* [BRIEF]:
Once you find the line with "A beige structured" in the data below, transcribe exactly each line from there to the line with "9421 Sassafras Trl", inclusive, and nothing else. Drop the pictures.

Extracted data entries
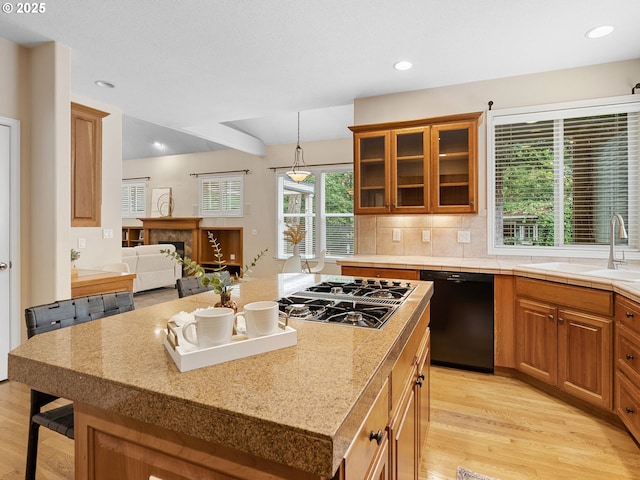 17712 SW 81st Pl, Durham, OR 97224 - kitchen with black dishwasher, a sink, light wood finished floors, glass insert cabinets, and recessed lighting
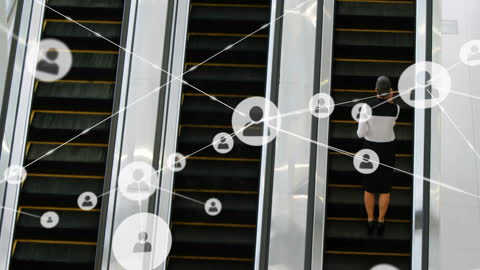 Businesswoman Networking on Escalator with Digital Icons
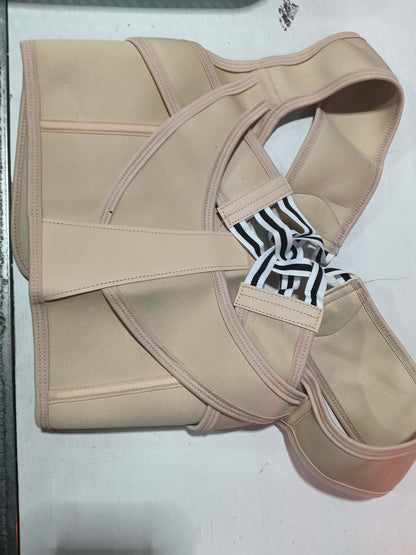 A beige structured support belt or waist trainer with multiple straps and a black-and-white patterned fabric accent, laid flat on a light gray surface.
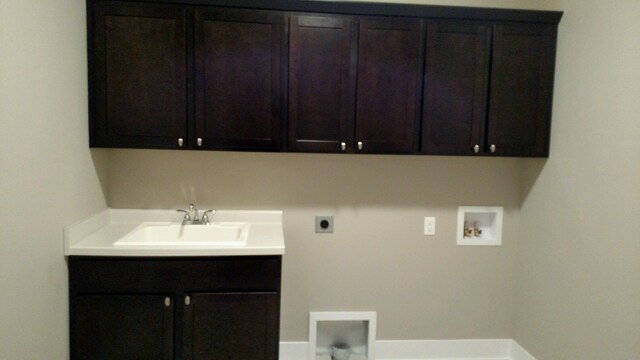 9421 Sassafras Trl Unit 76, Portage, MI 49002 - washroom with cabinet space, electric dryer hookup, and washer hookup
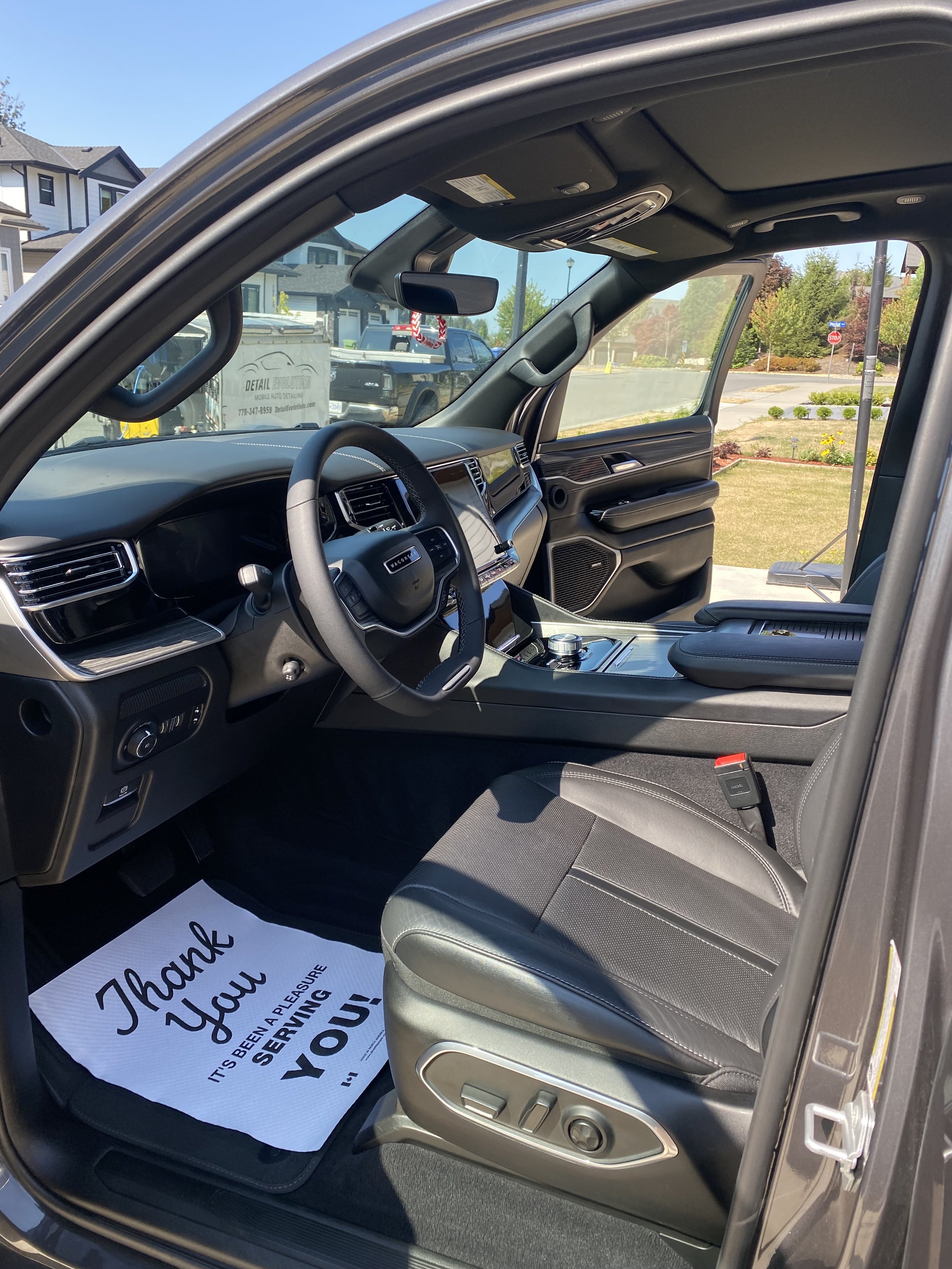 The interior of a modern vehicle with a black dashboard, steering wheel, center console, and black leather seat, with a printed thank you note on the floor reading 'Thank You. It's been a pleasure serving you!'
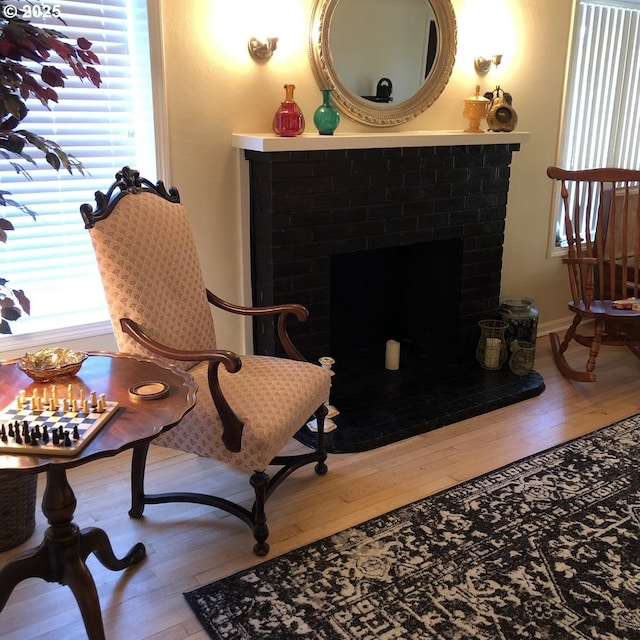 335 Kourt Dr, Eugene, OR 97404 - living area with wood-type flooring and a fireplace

* [FINISHED TASK]:
 A beige structured support belt or waist trainer with multiple straps and a black-and-white patterned fabric accent, laid flat on a light gray surface.
 9421 Sassafras Trl Unit 76, Portage, MI 49002 - washroom with cabinet space, electric dryer hookup, and washer hookup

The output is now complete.